By lowering its assessment of how fast the economy can expand and conducting policy accordingly, the Fed runs the risk of locking the U.S. into a slow-growth path, said Tim Duy, a former Treasury Department economist who is now a professor at the University of Oregon in Eugene.

The Fed ramped up its quantitative-easing program late in 2012, helping to keep the recovery on track last year in the face of higher taxes and reduced government spending.

"They offset fiscal austerity on the downside but then arguably also offset the upside," Duy said. "They seem to have lost interest in speeding the pace of the recovery."


Can it be much clearer? There's not going to be any significant US recovery, from the Fed's point of view.

Monetary policy will remain accommodative, interest rates will remain low and the "taper" of quantitative easing will continue at a slow pace.

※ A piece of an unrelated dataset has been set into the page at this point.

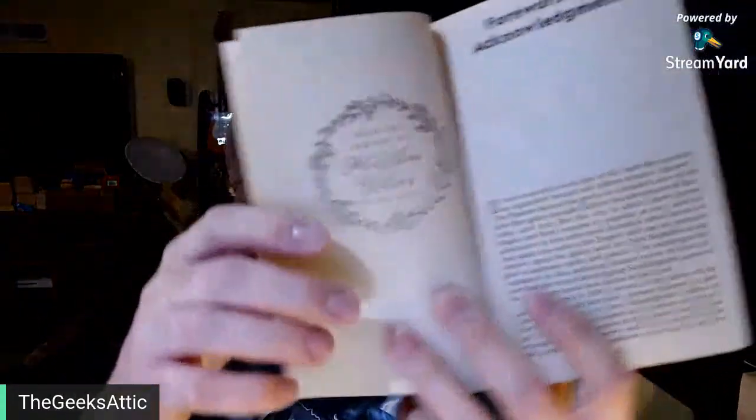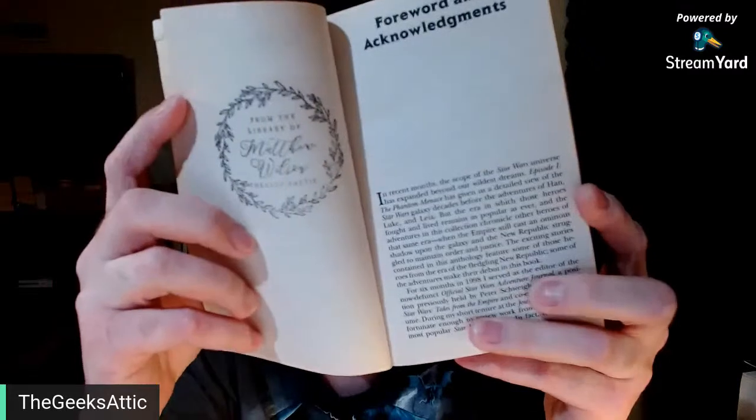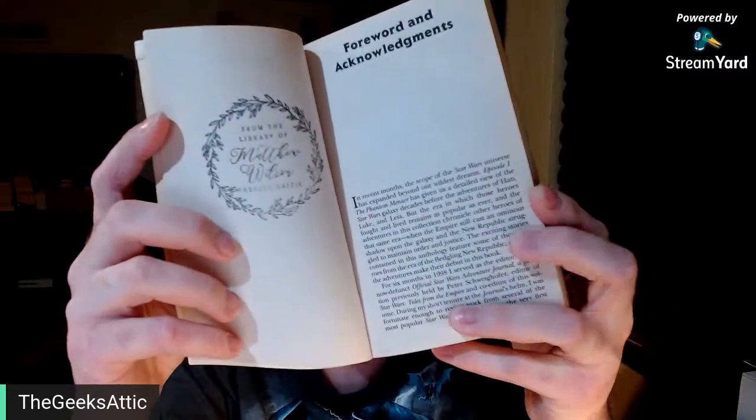Thanks for joining me, guys. I really don't know what to talk about, I just thought I'd stamp some books, turn on the live video, and start chatting. Do you guys stamp your books? Have you ever seen anybody do such a thing? Is it silly? And sometimes you just don't know where to stamp in the book because there's text everywhere. I'll show you guys what that stamp looks like. It says: From the library of Matthew Wilson, the Geeks Attic.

Yellen seems to be setting the table for continued monetization not industrialization. The Fed will continue to print money and distribute it through its commercial banking facilities.

Meanwhile, Yellen will no doubt continue to pay commercial banks a modest rate of interest to ensure big banks keep funds locked away in their coffers. The Fed doesn't really want currency circulating quickly in the larger economy.

The Fed under Yellen, as under Bernanke, is concerned mainly with the "monetary economy" because that benefits globalist strategies. A healthy "normal" economy helps working class people. A monetized economy boosts stock markets, upscale real estate, high-end luxury goods, speculative investments, etc.

From my point of view, this is no coincidence and it's one reason High Alert continues to present our "Wall Street Party" meme. A slow economy awash in currency that is gradually trickled into stock and bond markets is an "investor's" economy.

It is an economy that remains subdued rather than "overheated" and gives Yellen the justification she needs to continually prime the pump for as long as she wishes.